◆ AIM OF THE TASK ◆
Under this line sits a listing. Repeat exactly and only its lines from the one holding "Autocollant De Voiture" through the one holding "CPSM 01 MONTLUEL BLASON ADHESIF - Montluel"; skip pictures.

◆ MATERIAL SHOWN ◆
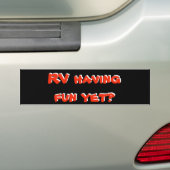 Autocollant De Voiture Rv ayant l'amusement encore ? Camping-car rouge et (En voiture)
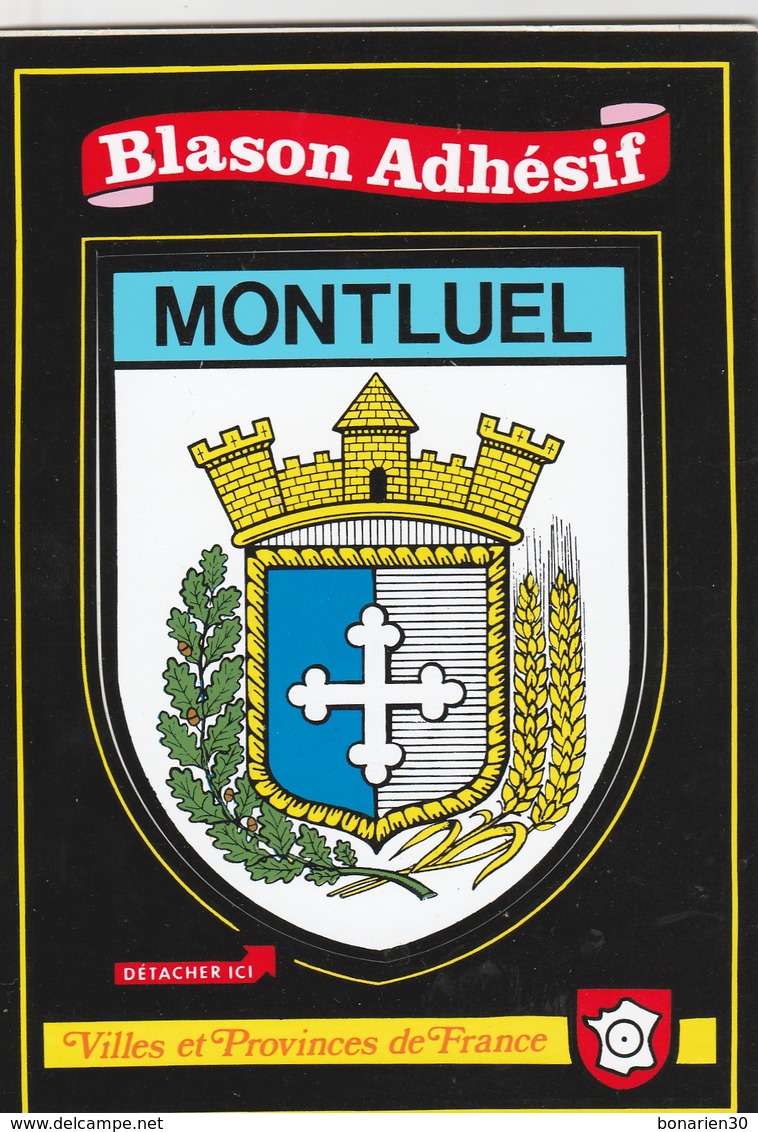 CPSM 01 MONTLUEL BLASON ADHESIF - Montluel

---

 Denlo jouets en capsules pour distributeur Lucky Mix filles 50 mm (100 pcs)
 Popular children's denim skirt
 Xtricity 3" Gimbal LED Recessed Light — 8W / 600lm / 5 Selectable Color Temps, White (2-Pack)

◆ ANSWER TO THIS PROBLEM ◆
 Autocollant De Voiture Rv ayant l'amusement encore ? Camping-car rouge et (En voiture)
 CPSM 01 MONTLUEL BLASON ADHESIF - Montluel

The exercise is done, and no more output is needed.